The third stage, I'd suggest, is when we've become aware we're being manipulated, and we're enjoying the process. We take pleasure in it, because we're an active participant in a passive medium. It isn't that an increased technical fluency gets in the way of immersion (or suspension of disbelief), it heightens the experience. Orson Welles once called it 'looking behind the curtain.' Hitchcock, for one, can't contain his glee, when he both plays the trick, and shows his hand at the same time. It's to my mind, a compliment. Hitch takes us into his confidence.

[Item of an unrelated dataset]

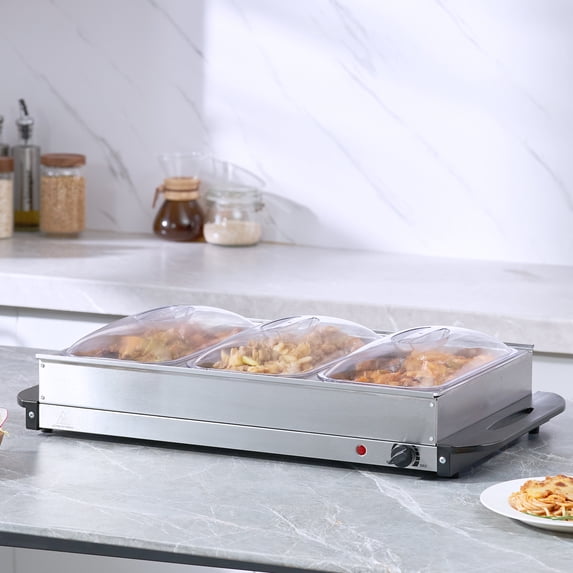 KFFKFF Electric Buffet Server with 3 Stainless Steel Warming Trays 25.6" x 15" Buffet Server Food Warmer with 3 Stainless Steel Warming Pan Warm Tray for Buffet, Electric Food Warm Tray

I don't think, though, that in 1969 all that many of us were quite ready for The Wild Bunch. Yes, we'd had Bonnie and Clyde, in '67, but without taking anything away from it, Bonnie and Clyde really had more of a European sensibility, an art-house feel, than an American one. (Warren Beatty and Arthur Penn had made Mickey One together, two years earlier, and that was very much French-influenced - Shoot the Piano Player - it could have played with subtitles.) Not that Penn was any stranger to violence, either: The Left-Handed Gun is startingly abrupt, and for 1958, no less. And in 1966, we saw Richard Brooks' The Professionals, Anglo mercenaries south of the border, tangled up in Mexico's revolution. John Sturges' Hour of the Gun came out the year after, a decidedly brutal and melancholy version of the Earp legend. The Wild Bunch didn't happen in a vacuum.

But it changed the landscape.

Even when the gunfight starts, outside the freight office, in the opening robbery sequence, you might not know what you're in for. By the time that scene is over, most audiences would be in shock. The obvious influence is Kurosawa, but it was a collaborative effort between Peckinpah, cinematographer Lucien Ballard, and editor Lou Lombardo. They shot with six simultaneous camera set-ups, running at different speeds, 24 frames per second, 30, 60, 90, and 120. Over-cranking generates slow-motion, and Ballard was using long lenses on some of the cameras, which foreshortens the depth of field. Lombardo's rough edit assembly ran twenty-one minutes. He and Peckinpah cut it down to five. Some of the inserts are no more than three or four frames apiece, which on-screen is nearly subliminal, almost too fast for the naked eye. The result is elastic, both in time and physical space. The aspect ratio, how much visual information the screen itself can manage, seems to yawn open and then contract, crowding the edges, optically swollen.

And yet, in the confusion, you don't lose track of the geography, the sight-lines, the physical relationships between the different elements, the composition. I think it's pretty amazing, because it's so easy to stumble into incoherence, particularly in action scenes. Peckinpah has an absolute genius for keeping the spatial dynamics all of a piece.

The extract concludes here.